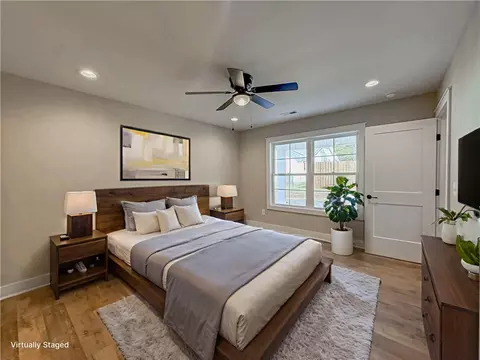 Bedroom - 345 Code Cir, Seneca, SC 29678 photo 1 of 7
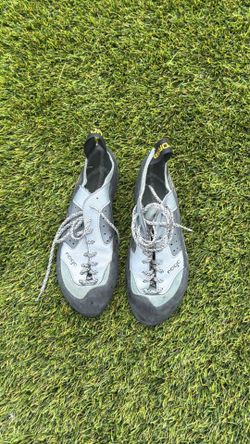 La Sportiva Nago Women’s Climbing Shoes Sz 38.5
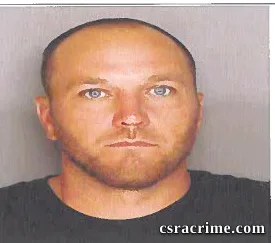 Benjamin Dorn booking photo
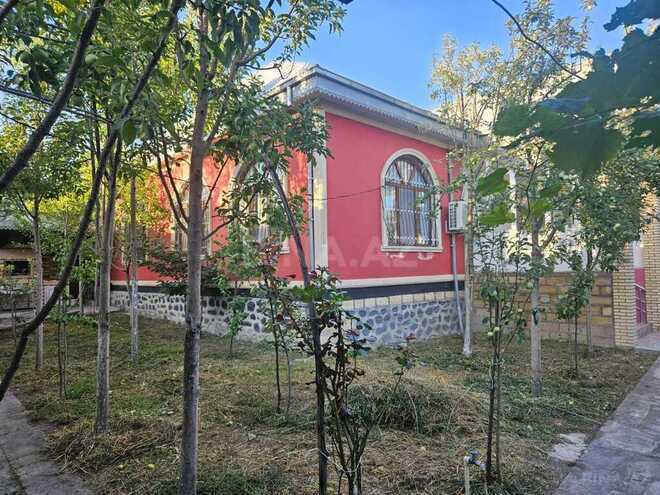 3 otaqlı həyət evi/bağ evi - Şəki - 130 m² (1)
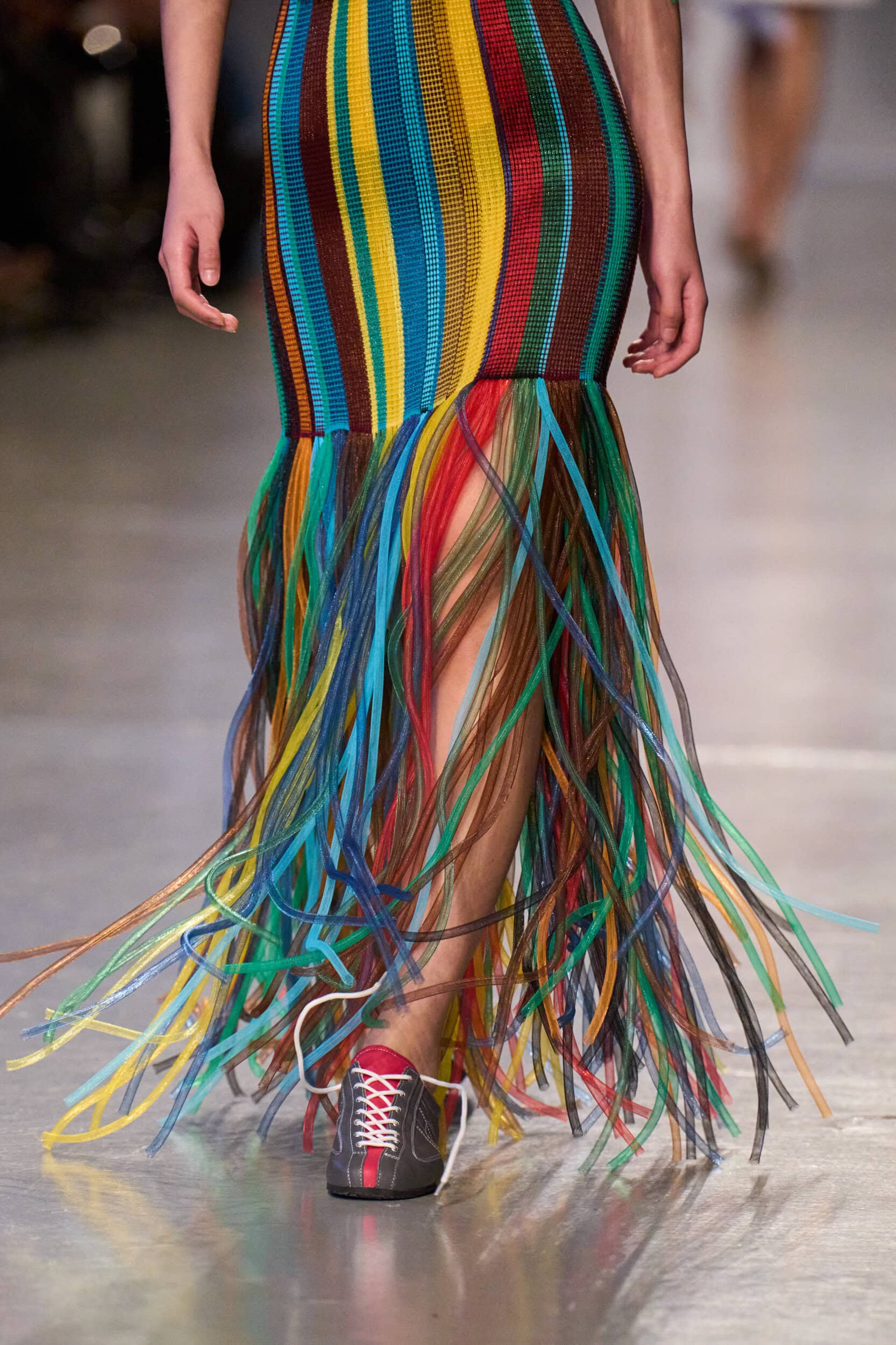 Zomer Fall 2025 Fashion Show Details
* * * *
▶ INSTRUCTIONS FOR THE TASK: Reproduce every record verbatim, please. Omit the images.

▶ EXPECTED OUTPUT:
 Bedroom - 345 Code Cir, Seneca, SC 29678 photo 1 of 7
 La Sportiva Nago Women’s Climbing Shoes Sz 38.5
 Benjamin Dorn booking photo
 3 otaqlı həyət evi/bağ evi - Şəki - 130 m² (1)
 Zomer Fall 2025 Fashion Show Details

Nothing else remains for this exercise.